The data playground we sort of knew we were making

A quick overview

Last weekend Vibrant Lives premiered three new sculptures commissioned by the Mesa Arts Center. The sculptures, created in collaboration with local artist Bobby Zokaites, were designed to give people a larger-scale experience of real time data shed than we had done in previous events.

We consciously chose materials and shapes that would invite bodies to lay, stand, sit, and stretch across the pieces, allowing people to locate the vibration of their data output in different places. The idea was to let people play around with the ways they might feel the data being shed from their cell phones. We had a local wifi connection for participants and custom software that temporarily captured everyone’s outgoing data and transformed it into a song of sorts that was then played on our subsonic system to create vibration in the structures.

We chose the Mesa Arts Center event in part because we wanted to reach a broad range of people in terms of age, race, ability, and also experience with both art and technology. The event traditionally hosts 10,000 people per day over the two day event, so this was a really wonderful opportunity to expand our range of audience-participants.

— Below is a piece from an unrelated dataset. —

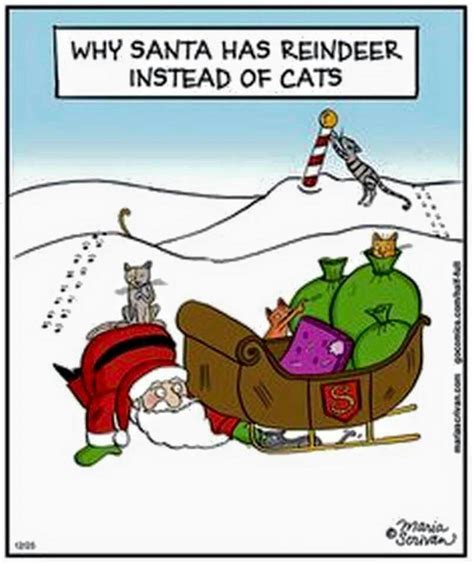 Why Santa Has Reindeer Inetead Of Cats Christmas Jokes Funny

What surprised us a bit and delighted us a great deal was the way that the space became a data-infused playground for kids. We watched as they played a variety of games on the structures, pulled bodies out when they got stuck, and prayed a few times when kids tested the strength of the pieces. I personally love that the idea of “play” that we had built in was robustly manifest in ways that brought exuberance, laughter, and exploration to the fore. We also really loved the moments when the kids asked parents or other adults why the structures were vibrating and little personal teaching moments emerged. Or, the moments when the vibrations became significant enough that whole groups of kids sat still, quiet, listening and feeling the flow of data from the devices around them. Those moments of stillness in the midst of huge data flows were really interesting.

The glorious hot mess

Our feminist methodological and political commitments manifest in being open about the glorious hot mess that is putting on an event like this – we aren’t about mastery. Jessica, Stjepan, and I were with the installation at 9 p.m. on Thursday night just 13 hours before opening when the hot mess got real. We managed to crash the server by visiting YouTube and then we somehow burned out our amplifier (too small a wire? too much muchness?). However it happened, we were doing real-time fixes then and there.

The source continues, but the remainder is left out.